Mais l’idéaliste farfelu finit par céder à ses pulsions et il part seul, de nuit, dans la maison abandonnée d’un de ses amis à Beco do Salco. Celle-là même qui, avec cinq de ses amis, leur avait servi de quartier général pour fonder les bases de la nouvelle Birobidjan à l’adolescence. Il y fondera enfin sa nouvelle société (dont il est l’unique membre) avec la camarade poule, le camarade cochon et la camarade chèvre, vivant des haricots et du maïs qu’il y cultive. Une vie de misère, de lecture, de discours et de folie que celui que les habitants de Bom Fim (quartier juif de Porto Alegre) surnomme « Capitaine Birobidjan », finit par quitter pour retourner auprès de Leia et sa petite famille.
Suite à l’échec cuisant de cette tentative historique, Mayer Guinzburg reprend le travail à la boutique et se tient à carreau quelques années. Puis, quand la clientèle s’amenuise, il se lance avec un ami dans la création d’une entreprise immobilière qui fera de lui un entrepreneur riche et puissant.
Mais le capitaine, malgré la vieillesse qui s’approche, en aura-t-il jamais fini avec Birobidjan, la politique et ses rêves d’héroïsme ?
Un roman insolite, sarcastique, profond et onirique qui conjugue la fable juive comme Isaac Bashevis Singer pouvait en offrir à ses lecteurs et le réalisme magique à la Gabriel García Márquez. Mayer Guinzburg, par son inaptitude au présent et à la réalité, par la démesure de son utopie et la foi qu’il y investit, s’inscrit dans la droite lignée d’un Don Quichotte, à la fois ridicule et brave, aussi drôle qu’émouvant.
L’écrivain parvient ici à construire un imaginaire utopique basé sur une fusion culturelle et idéologique où le bestiaire métamorphique, les formes métaphoriques et allégoriques, la sensualité, côtoient l’analyse et les références religieuses et politiques.

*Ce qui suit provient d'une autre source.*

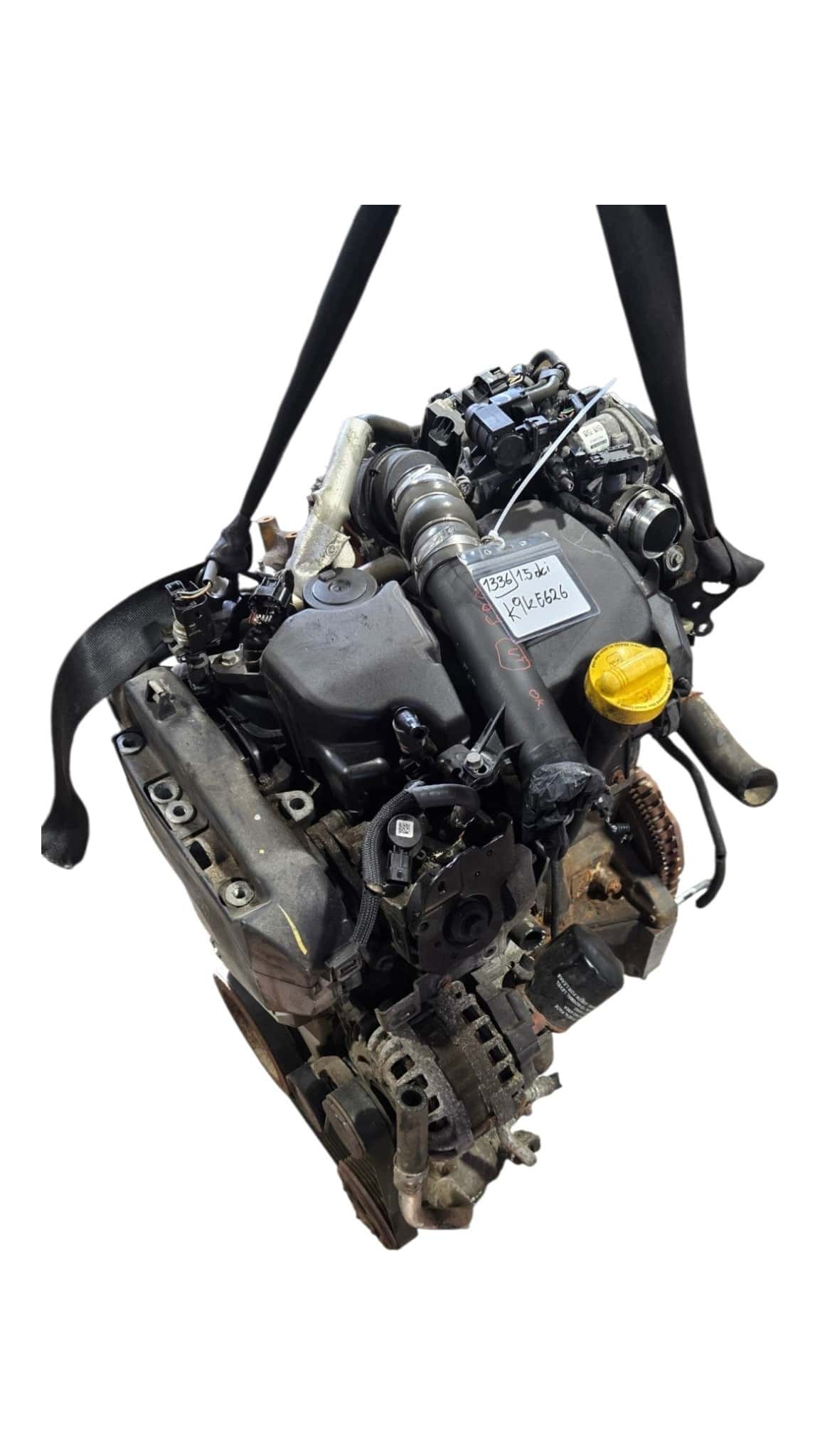 Moteur K9K 626 vue 7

Ce grand méli-mélo carnavalesque et endiablé, est non seulement magistralement habité par le héros mais aussi par une farandole de personnages secondaires auxquels l’écrivain a su donner une épaisseur (la mère, le père, le frère, l’épouse, les amis…).

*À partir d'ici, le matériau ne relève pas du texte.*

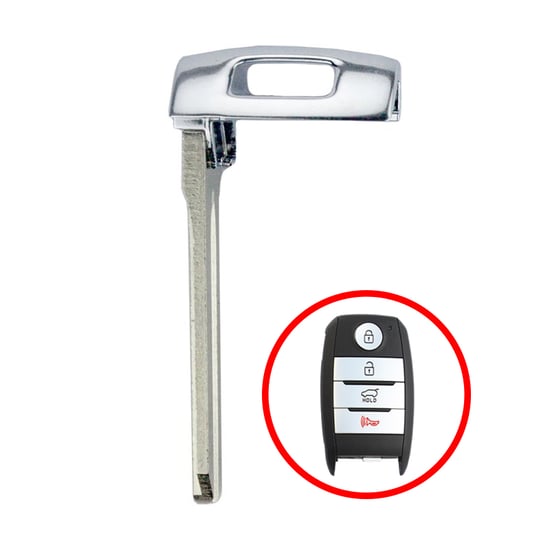 KIA Cerato 2014-2017 Genuine Smart Key Blade HYN14R 81996-A7020 KIA Cerato 2014-2017 Genuine Smart Key Blade HYN14R 81996-A7020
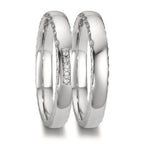 Partnerring 950 Platin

Le lecteur suit les péripéties improbables et loufoques qui transforment l’existence du fou (ou du sage) en aventure burlesque avec jubilation, embarqué par sa vision généreuse et son enthousiasme.
Et derrière le divertissement, il se pourrait bien qu’il y ait, par son regard sur cette société inégalitaire et sclérosée qu’il renie (semblable en cela à la nôtre), par l’utopie collectiviste, sociale et culturelle qu’il lui oppose, matière aussi à réfléchir.
Moacyr Scliar, président de l’Académie Brésiliene des Lettres, occupe une place majeure dans le paysage littéraire du Brésil. À sa disparition en 2011 à l’âge de 74 ans, il a été qualifié par la présidente de la République, Dilma Roussef, de « figure emblématique de la littérature brésilienne et latino-américaine ». Ses livres ont été traduits en quatorze langues, huit l’ont été en français dont Max et les fauves, Le centaure dans le jardin, Sa Majesté des Indiens… L’armée d’un seul homme est le dernier en date (mars 2015).